REQUIRED WORK →
Output all of the lines below exactly, and leave out each image.

--- MATERIAL FOR THIS EXERCISE Enclosed Below ---

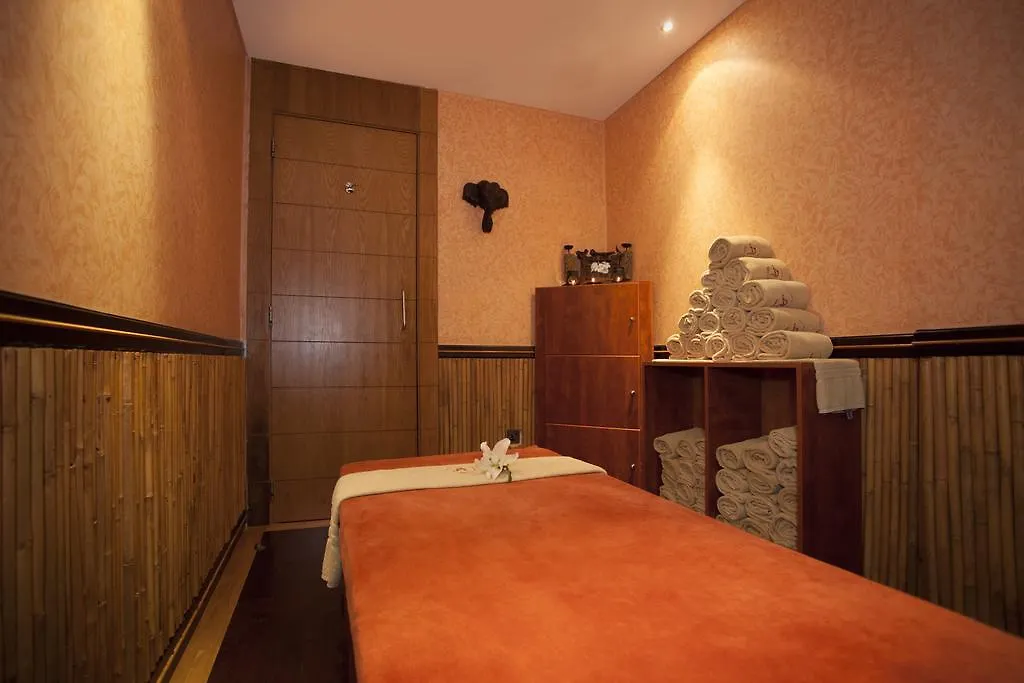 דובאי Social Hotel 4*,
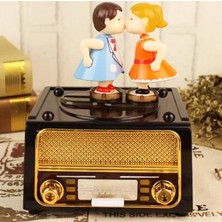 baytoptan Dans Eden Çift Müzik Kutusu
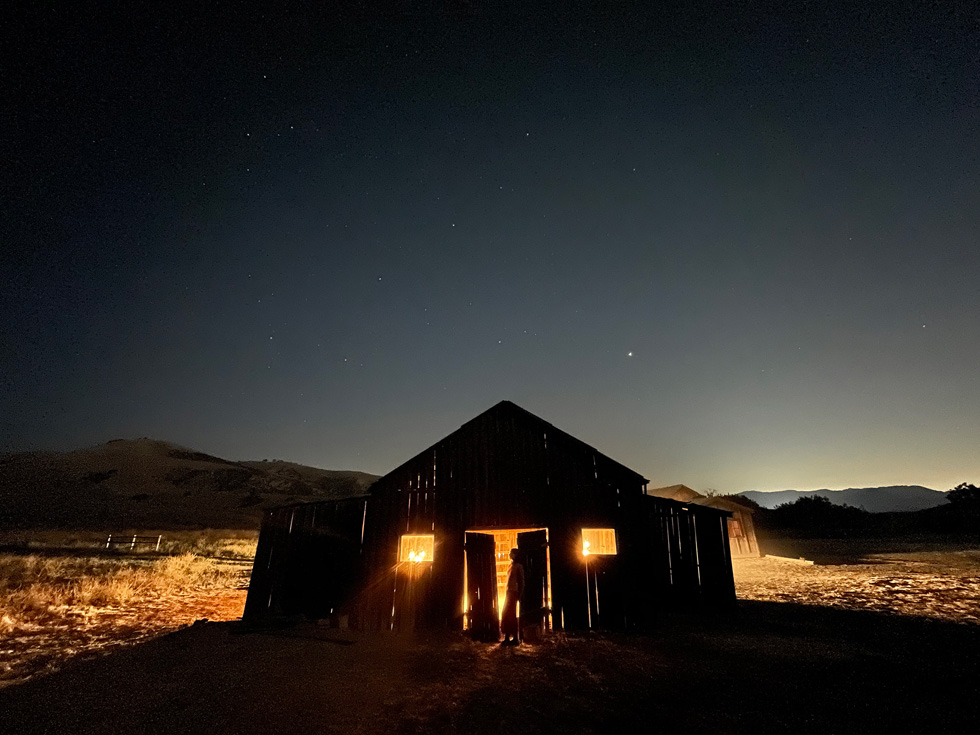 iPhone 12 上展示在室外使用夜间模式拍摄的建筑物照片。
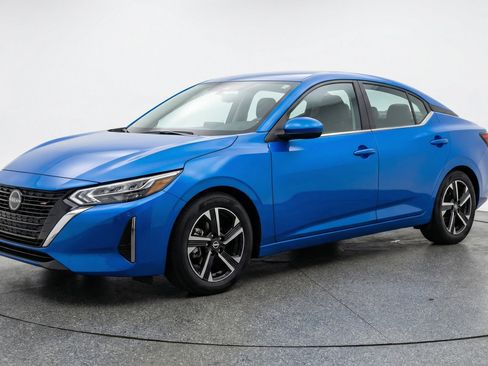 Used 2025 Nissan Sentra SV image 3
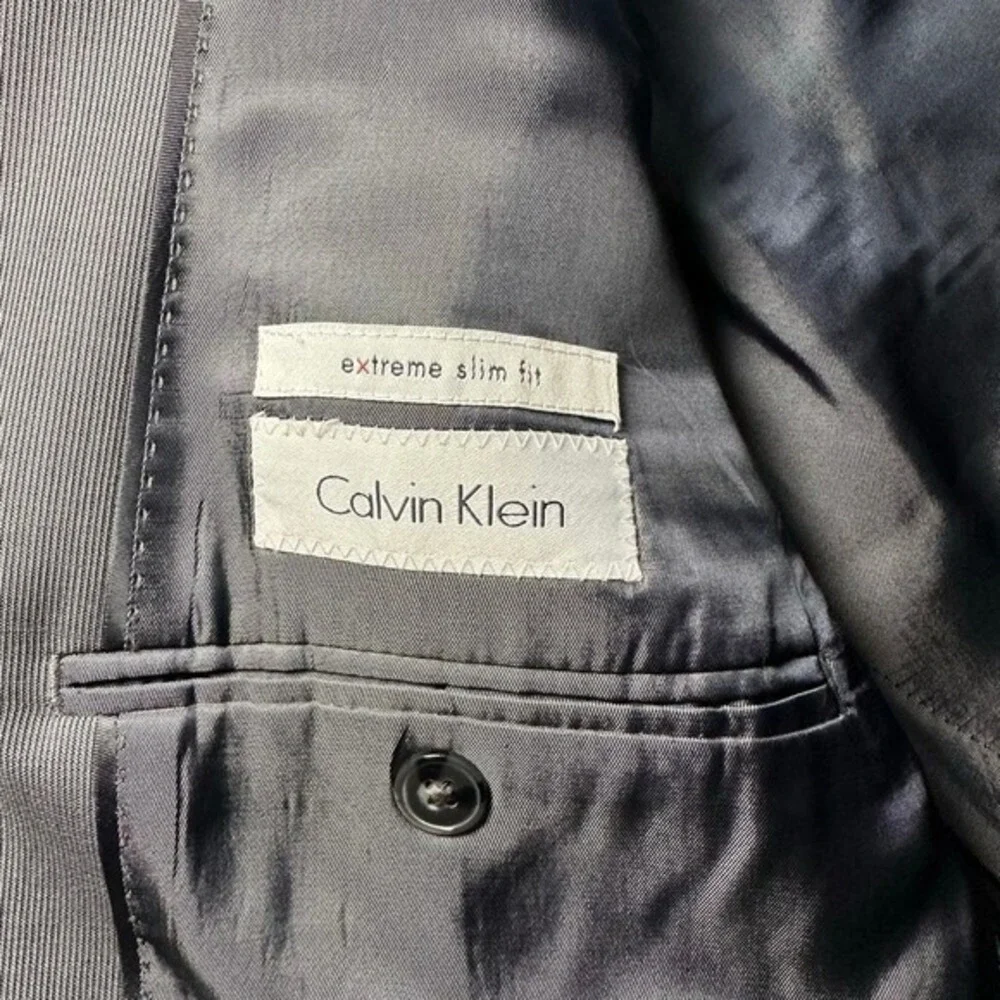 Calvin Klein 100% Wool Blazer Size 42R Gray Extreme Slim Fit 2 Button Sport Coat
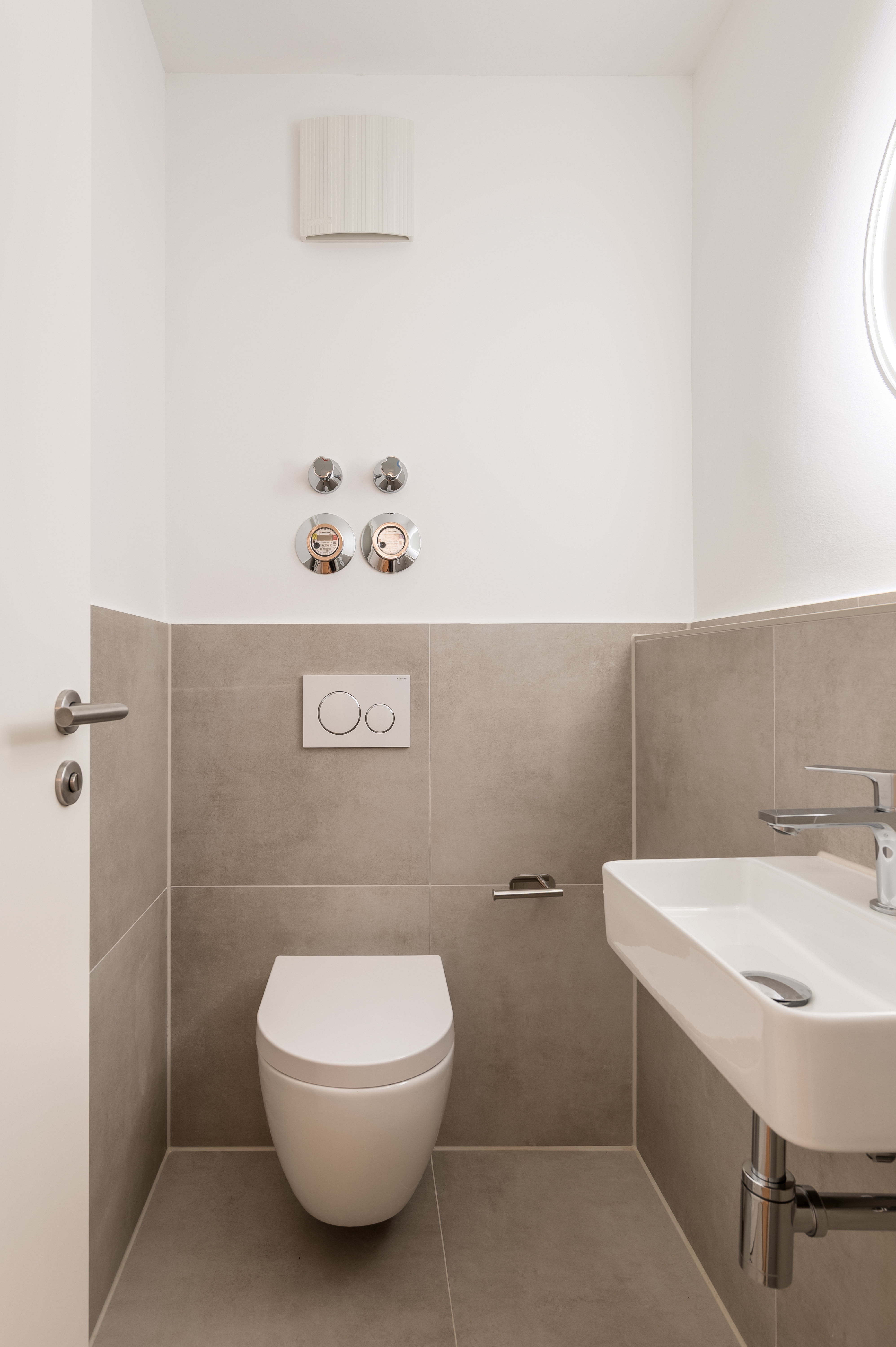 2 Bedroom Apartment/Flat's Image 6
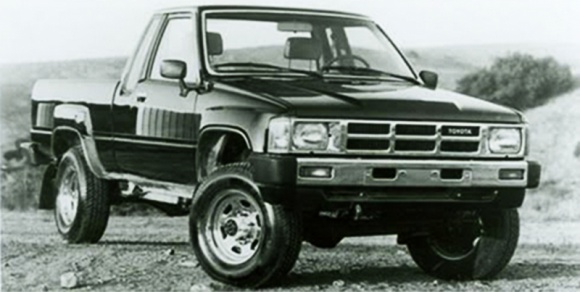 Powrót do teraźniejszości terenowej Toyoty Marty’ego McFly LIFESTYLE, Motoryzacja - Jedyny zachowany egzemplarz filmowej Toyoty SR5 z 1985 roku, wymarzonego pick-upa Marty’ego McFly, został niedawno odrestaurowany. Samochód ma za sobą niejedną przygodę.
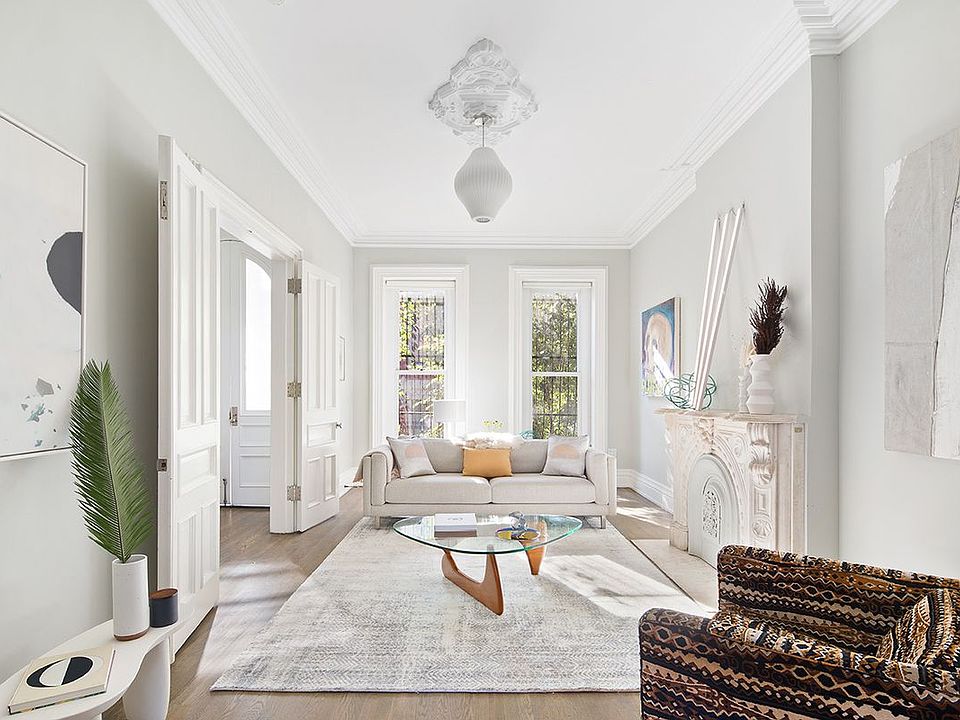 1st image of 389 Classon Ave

--- End of Enclosed MATERIAL FOR THIS EXERCISE ---

OUTPUT BELOW →
 דובאי Social Hotel 4*,
 baytoptan Dans Eden Çift Müzik Kutusu
 iPhone 12 上展示在室外使用夜间模式拍摄的建筑物照片。
 Used 2025 Nissan Sentra SV image 3
 Calvin Klein 100% Wool Blazer Size 42R Gray Extreme Slim Fit 2 Button Sport Coat
 2 Bedroom Apartment/Flat's Image 6
 Powrót do teraźniejszości terenowej Toyoty Marty’ego McFly LIFESTYLE, Motoryzacja - Jedyny zachowany egzemplarz filmowej Toyoty SR5 z 1985 roku, wymarzonego pick-upa Marty’ego McFly, został niedawno odrestaurowany. Samochód ma za sobą niejedną przygodę.
 1st image of 389 Classon Ave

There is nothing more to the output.